“Save my life? From who?”
I’ll never be able to reconcile the fact that the man who becomes Moses’ father is the same person who had ordered his death.
I think about Miriam’s words during the well scene — “Ask the man that you call ‘father’!” — in response to Moses wanting to know who their mother had to save his life from. It’s things like this that disturb me: They’re the ones who become his family. They say they love him, call him their son, or brother. Yet, in the same breath, they consider his people “only slaves,” not people at all. …Something is amiss. They should have done so much more.

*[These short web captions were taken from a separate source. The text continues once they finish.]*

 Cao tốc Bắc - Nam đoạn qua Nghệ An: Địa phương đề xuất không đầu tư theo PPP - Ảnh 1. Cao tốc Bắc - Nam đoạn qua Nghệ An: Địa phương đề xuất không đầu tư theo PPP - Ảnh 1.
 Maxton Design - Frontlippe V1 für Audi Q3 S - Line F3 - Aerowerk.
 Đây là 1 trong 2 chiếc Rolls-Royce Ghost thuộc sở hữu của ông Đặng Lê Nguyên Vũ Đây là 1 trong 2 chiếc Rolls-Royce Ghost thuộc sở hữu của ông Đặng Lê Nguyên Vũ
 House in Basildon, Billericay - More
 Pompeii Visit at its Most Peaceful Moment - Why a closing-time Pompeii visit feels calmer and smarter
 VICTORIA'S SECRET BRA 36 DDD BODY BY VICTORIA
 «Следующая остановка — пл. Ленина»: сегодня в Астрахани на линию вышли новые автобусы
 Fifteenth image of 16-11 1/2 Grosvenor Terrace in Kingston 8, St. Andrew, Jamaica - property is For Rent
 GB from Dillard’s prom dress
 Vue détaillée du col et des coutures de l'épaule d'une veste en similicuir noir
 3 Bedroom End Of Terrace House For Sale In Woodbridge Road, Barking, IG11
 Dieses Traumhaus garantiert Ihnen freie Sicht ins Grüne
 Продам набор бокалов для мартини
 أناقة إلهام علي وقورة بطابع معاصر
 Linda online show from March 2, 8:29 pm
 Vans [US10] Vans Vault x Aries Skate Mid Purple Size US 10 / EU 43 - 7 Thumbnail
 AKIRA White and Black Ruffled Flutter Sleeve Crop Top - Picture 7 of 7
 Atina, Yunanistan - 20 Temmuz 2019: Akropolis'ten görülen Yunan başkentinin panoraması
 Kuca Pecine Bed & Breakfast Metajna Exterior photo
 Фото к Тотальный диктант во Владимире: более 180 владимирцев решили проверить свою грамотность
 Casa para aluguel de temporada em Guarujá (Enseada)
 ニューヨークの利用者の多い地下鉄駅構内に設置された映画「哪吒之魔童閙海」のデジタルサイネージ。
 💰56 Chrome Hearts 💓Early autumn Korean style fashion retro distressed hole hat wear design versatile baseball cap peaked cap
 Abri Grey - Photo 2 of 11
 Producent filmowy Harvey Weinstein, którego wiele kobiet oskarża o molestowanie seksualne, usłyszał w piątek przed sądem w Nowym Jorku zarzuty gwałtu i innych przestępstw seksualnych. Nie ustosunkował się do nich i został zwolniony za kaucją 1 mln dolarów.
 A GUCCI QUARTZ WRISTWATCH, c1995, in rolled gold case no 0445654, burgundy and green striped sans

Moses has a family before he is adopted (actually, this is true for all adoptees — none of us drop from the sky), and his arrival in the basket coincides with the genocide occurring that morning. Does Tuya ever stop and think about how and why this baby suddenly appears? Does she ever think about his mother? His family? Does she (and yes, I’m personifying her as though she were a real adoptive mother) think of Yocheved as merely the one who “gave” her this blessing, and not as a mother who would have kept him, had it not been for Pharaoh’s murderous edict? (But then Moses would have grown up in slavery? …Well, who created that condition in the first place?) And do any of them once think about the babies who died, or about the families who lost their sons?
The movie portrays Tuya’s belief that the gods brought Moses, and I once read a post regarding how this is connected to Ancient Egyptian faith, especially since it was the river that bore him. I feel this reflects great research on the part of the filmmakers. It’s respectfully done; it provides context, gives insight into culture, and makes Tuya a rounded character with her own perspective. But what else? I don’t think that this belief makes her/their actions right, or just. It certainly doesn’t change or erase the fact that Moses is the survivor of a genocide that they instrumented. Moreover, Moses obviously cares and questions it all once he learns how he came to be their son. …and they, his adoptive family, never do. What’s even more: For him to continue to be counted as family, in their eyes, he must remain compliant, and silent about an inalienable part of himself. Forget and be content.
Is it a culture clash? Film synopses describe the conflict between Moses and Rameses as one over tradition and responsibility. To paraphrase a sentence from The Prince of Egypt: The Movie Scrapbook, will Rameses choose his brother, or his honor? Fate, it says, pushes them onto opposite sides. It makes me think. What is the movie trying to say? What is it trying to spark, in terms of discussion?
…It’s about tradition? That makes me think about the demands Seti places on Rameses. The pressure to uphold traditions is very relatable, and sympathetic, as is the fear of being the “weak link.” So many stories center clashes between generations, tensions between duty and personal goals. However, the traditions that Rameses defends, and sees nothing wrong with, involve slavery. His kingdom’s economy and way of life, the monuments he seeks to build, depend on the subjugation of others. It’s not a tradition worth protecting. When I watch Egypt fall to ruins and more children die, when I watch Rameses lay his son’s body on that dais, I feel frustrated. I keep playing all these counter-arguments in my head, but they don’t ease my frustration with Rameses. I still view these as things he could have prevented, and that he was too myopic from the start to ever consider Moses’ perspective, much less the value of others’ lives. His own ego and refusal to end an inhumane practice were more important to him than even his people and son.
And, when I think about some of the last words he says to Moses:
My father had the right idea about how to deal with your people. And I think it’s time I finished the job.
…I cannot reconcile the fact that the man who has been Moses’ brother is the same person who espouses what their father did: the very order that threatened Moses’ life, and ended the lives of many infants, all those years ago.